There are, in fact, multiple alternatives to answering the call to fight for freedom that do NOT involve running away like a little pussy:
- Advocating for non-violent solutions to conflicts
- Conscientious objection
- Voting for the war before voting against it
- Running away like a big dick
The Clash, “Should I Stay or Should I Go”
The narrator of this song, beset with crippling indecision, asks his “darling” how she would like for him to proceed: “Should I stay or should I go?” He presumes there are only two possible courses of action in this relationship (staying or going), both of which will result in trouble. (Un)fortunately for him, the couple actually has many options:
- Let’s take a break.
- Let’s just be friends.
- Let’s just be friends with benefits.
- I know you’re only telling me to go because you’re too proud to admit that you really need me.

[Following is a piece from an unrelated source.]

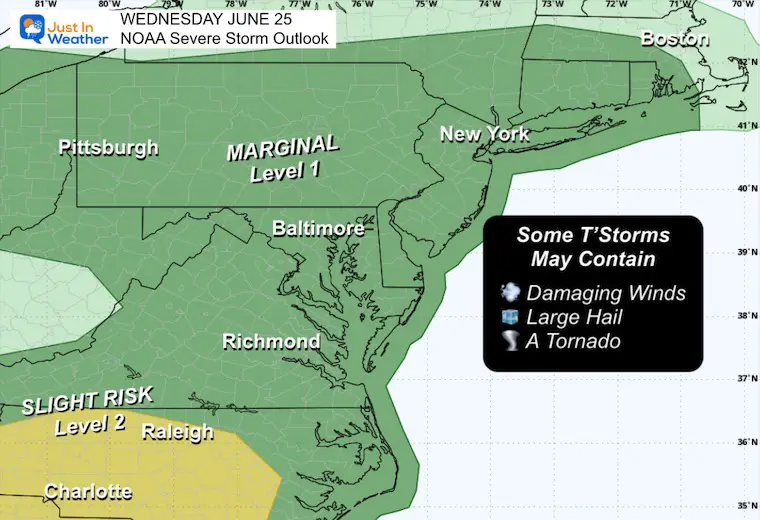 June 25 NOAA Severe Storm risk Wednesday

- I know you’re only telling me to stay because you’re too weak to make it on your own.
- That’s it. We’re through, broken up, except when I’m in town every few months, am drunk, and haven’t been laid since the last time I saw you.
Meatloaf: “Paradise By the Dashboard Light”

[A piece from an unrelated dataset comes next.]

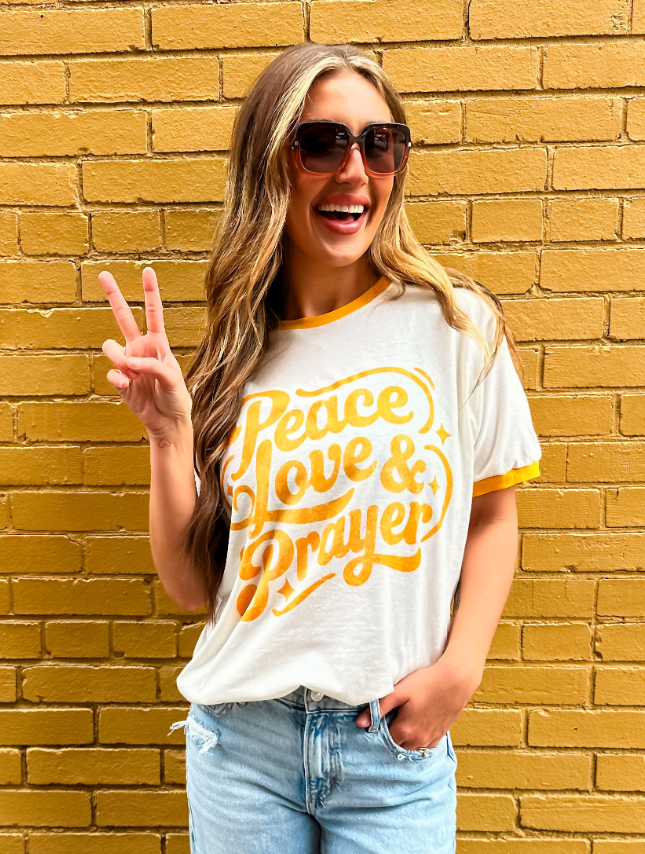 Peace, Love & Prayer Ringer Tee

The baseball sequence in this song leaves little ambiguity as to the context: boy meets girl, boy wants to have sex with girl, girl wants promise of commitment, nay, marriage, before consenting to sex. She asks a cut-and-dry question:
“What’s it gonna be boy: yes or no?”
This may appear to be an actual dichotomy: the girl seems adamant that unless the boy says he loves her and promises to marry her, she will not have sex with him tonight.
BUT: remember the baseball analogy? The play-by-play states that the situation is “two down (out), nobody on, no score, bottom of the ninth.” The runner is trying to steal home and win the game. If he’s safe at the plate, then game over, he wins. If he’s out, though, he doesn’t necessarily lose. Instead, the game goes to EXTRA INNINGS.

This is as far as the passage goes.